Alexander hghlights the difference between the Labour and Tory campaigns, accepting that the Conservatives will run big billboard campaigns at a much greater cost than the Labour war chest can handle. However, he also says that Labour’s activist base means that they will be able to “out-organise” the Tories on the streets.
Expect to see a few more of these memos in your inbox over the next 95 days.
The email has been sent out to supporters over the last couple of hours. You can read it in full here:
Subject: Our different approaches
A big thanks to all of you who have been out campaigning today.
There are 116 events happening across the country and local organisers are reporting a huge turnout. It hasn’t been the best weather for it, but it’s been a great start to the next 95 days of campaigning.
The differences between our campaign and The Tories’ have never been clearer, and these don’t just reflect different budgets — they reflect different approaches to winning this election.
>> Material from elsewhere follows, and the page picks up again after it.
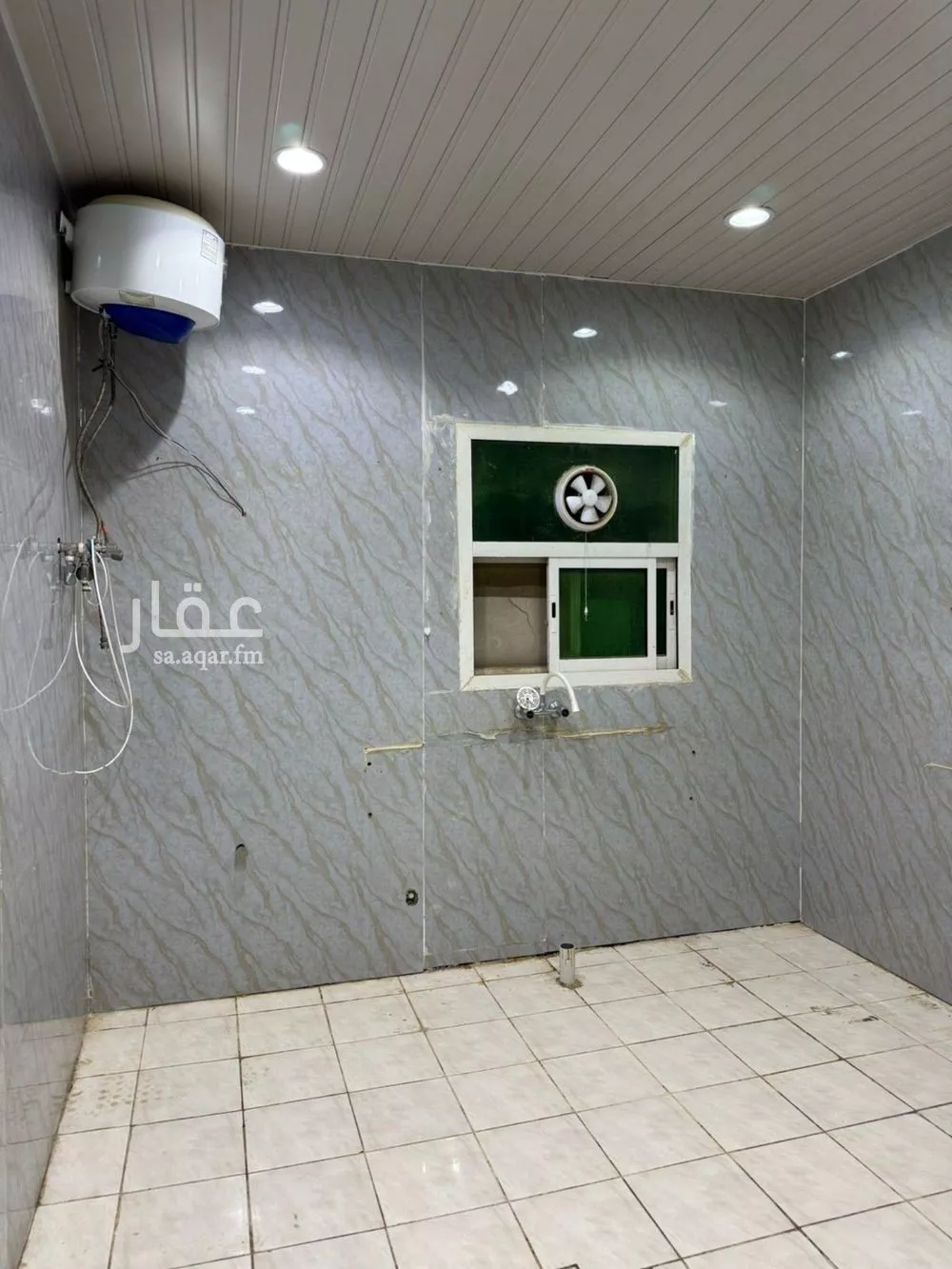 3 bedroom floor in Al Janadriyah 6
The campaign we will run in the Labour Party will be very different from any that has been run before. At the heart of our campaign will be the unprecedented goal to have four million conversations with voters and to talk with people, not at them or over their heads. Thanks to your incredible efforts on weekends like this one, we have had hundreds of thousands of conversations in January and are on track to meet that goal before polling day. This means that Labour members and supporters are more crucial than ever to winning.
That’s why I’m throwing this campaign wider open than it’s been before — and why I will be posting these campaign memos — giving you the insider view into what’s really going on, on a regular basis.
And today I am setting out some of the key priorities for our campaign over the coming weeks:
We’ll focus our campaign on issues, not personalities — we won’t run any billboard posters with pictures of David Cameron on them.
We’re ready, willing, and able to take part in the TV debates.
We will not run an old fashioned campaign talking over voters heads. We will run a campaign with four million conversations at its heart.
We’re doing it this way not just because it is the best way to win votes in an election marked by high levels of cynicism and mistrust towards all political parties, but because we believe politics begins and ends with the people.
Read more about our election plans here: http://action.labour.org.uk/our-different-approaches
The Tories’ approach
The Tories will run a negative campaign. They have bought up hundreds of billboard poster sites on high streets across the country for the months of March and April to run negative personalised adverts. Their intention seems to be to spread falsehood, fear and smear.
They will seek to avoid open debate and scrutiny.
They will dig deep into their donors’ pockets — and plumb new depths — in their desperation to cling on in government.
They may outspend us, but we will out-organise them to win
The Tories may have a growing war chest, but while they may outspend us three-to-one, I am confident that we will out-organise them by at least the same margin.
All of their spending on negative campaigning is not evidence that they are confident of victory. It’s evidence of precisely the opposite. The same fear is also making them duck open engagement and debate. What other rational reason can there be why the Prime Minister is so reluctant to go toe-to-toe with Ed Miliband and the other party leaders in live TV debates?
Beneath the radar and far away from the shouting matches in parliament, Labour is talking to voters about a better plan for Britain: a plan that will build economic success for everyday families, a plan where young people get a chance to get on in life, and a plan to improve and sustain our NHS so it meets the challenges of the 21st Century.
I’m determined that Labour will give the British people a better campaign.
Thanks for being a part of it, I am looking forward to working with you in the weeks and months ahead.